愛だ夢だと大層なごたくを並べても、金がなければ死んでしまうのが人間だ。
結局はみな、我欲を満たしたいだけの浅ましい感情であり、それを否定したいだけのすり替えに過ぎない。
金は命よりも重く、尊い。
だからこそ金の為に人は死ぬのだ。
努力や実力のせいじゃない、俺が不幸なのは金のせい。
全部、全部、金のせいなのだ。
「……だ、くん。金田くん」
デスクトップの画面に名前を呼ばれ、俺は我に返った。
「手がお留守になってるよ」
声の主は背後から俺の顔を覗き込んでいる太田原部長だった。
そりゃそうだ、仮にデスクトップが人語を話せたとしても、こんなにも人の神経を逆撫でする声にはなるまい。
「すみません、部長。
少し考え事をしていたもので」
「仕事中は作業に集中。
そんなんだからこの前みたいなつまらないミスをするんだ、君は。
クライアントに頭を下げるのは私なんだからね。
もっと、しっかりしてくれよ」
「……はぁ」
金さえあれば、今すぐにでもこいつのイケ好かない顔面に辞表を叩き付けてやるのに。
不満を吐き出す事も出来ず、作り笑顔でその場をやり過ごす。
これも金の為、生活の為だ。
しかし一体、どれだけ働けば俺は幸せになれるのか。
いまの自分が置かれている環境には不満しかない。
その反面、そこから脱却する手段など無いような気もしている。
年齢と共に落ち着いたのだと周りは言うが、果たして本当にそうだろうか。
色んな事を諦めた、の間違いではないかと時々考え込んでしまうのだ。
仕事が終わると俺はいつも、スーパー前の宝くじ売り場に立ち寄る。
そこでこの十年間、毎日一枚ずつ宝くじを買って高額当選を狙っている訳だが、五等以上が当たった試しがない。
もうすっかり習慣化しているが、売り場のおばちゃんと仲良くなった以外に生活に大きな変化はない。

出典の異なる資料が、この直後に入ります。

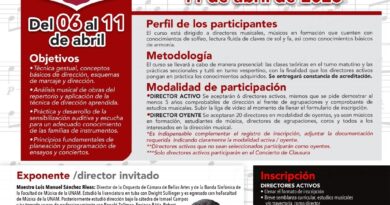 Convoca Gobierno de Carlos Peña Ortiz a Participar en el 4o Curso de Dirección para Bandas Sinfónicas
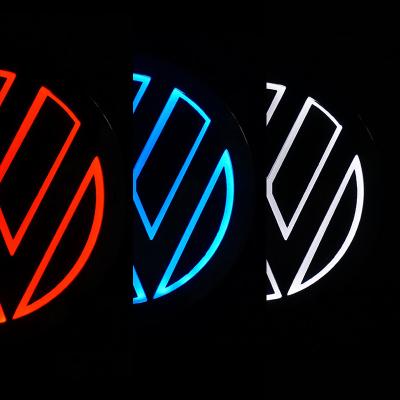 China Logo Led Light Car Harmless Auto Grille Symbolize 5d Car Front Logo Badge Led Light For 5d Car Benz Chevrolet Mazda BMW Toyota VW Front Logo Led Light for sale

派遣社員に家庭を持てるだけの経済力がある訳もなく、独身を貫き通して早三十五年。
この先の人生、何が待ち受けているのかは知らないが、どうせロクな事ではあるまい。
だからせめて金があればと俺は願うのだ。
失われた時間は取り戻せないが、金があれば大抵の問題は解決する。
-金が欲しい、金が。
「…金が欲しいって顔で歩いてるそこのお兄さん」
不意に呼び止められて振り向くと、高級スーツに身を包んだ恰幅の良い男が立っていた。
「もしかして、俺の事ですか?」
多少ムッとしながらも答えると、男はそうそうと軽い相槌を打った。
-なんて失礼な奴だ。
俺は無視してそのまま通り過ぎようとした。
「金塊って見た事ありますか?」
訳の解らない事を言い始める辺り、新興宗教の勧誘か何かかも知れない。
「そう言うの間に合ってるんで」
切り捨てるように言う俺に、
「これがそうですよ」
スーツの何処に隠していたのか、男は黄金の延べ棒を取り出した。
何と言う神々しい光だろう。
俺の目は一気に金塊に釘付けとなった。
「差し上げますよ」
「……え?」
何を言ってるんだ、この男は。
男は目の前まで近付くと、戸惑っている俺の手にずっしりとした金の重さを伝えた。
「はい、どうぞ」
「い、いや、困りますって!」
そうは言ったものの、正直な俺の手は金塊をしっかりと握り締めている。
「どう使うかはアナタ次第。
売り払って現金に変えても良いでしょうし、銀行に預けて相場の上昇を待っても良いでしょう」
「その代わり宗教に入れとか、まさか人を殺せとか……?!」
俺の手に金の塊がある。
夢にまで見た金塊だ。
嬉しい、叫び出したくなるほど嬉しい。
しかし、男の狙いはなんだ?
この俺にこんな大金を提供して、どれほどの代価を求めている?
「いえいえ、そんな物騒な。
私はただ、お金が欲しくて仕方ない人を助けたい。
それだけですよ」
男はそう言うと夜の闇に紛れて消えた。
俺の手元に金塊だけを残して。
「手の込んだイタズラだ。
そうに違いない」
俺は金塊を鞄に仕舞うと鑑定して貰うべく、貴金属買い取り店にやって来た。
普段滅多に来ない場所な上、見て貰うのは本物かどうかも解らない怪しい金塊だ。
カウンターの上に一キロ以上はありそうな延べ棒を置くと、早速鑑定士の所に持っていってくれた。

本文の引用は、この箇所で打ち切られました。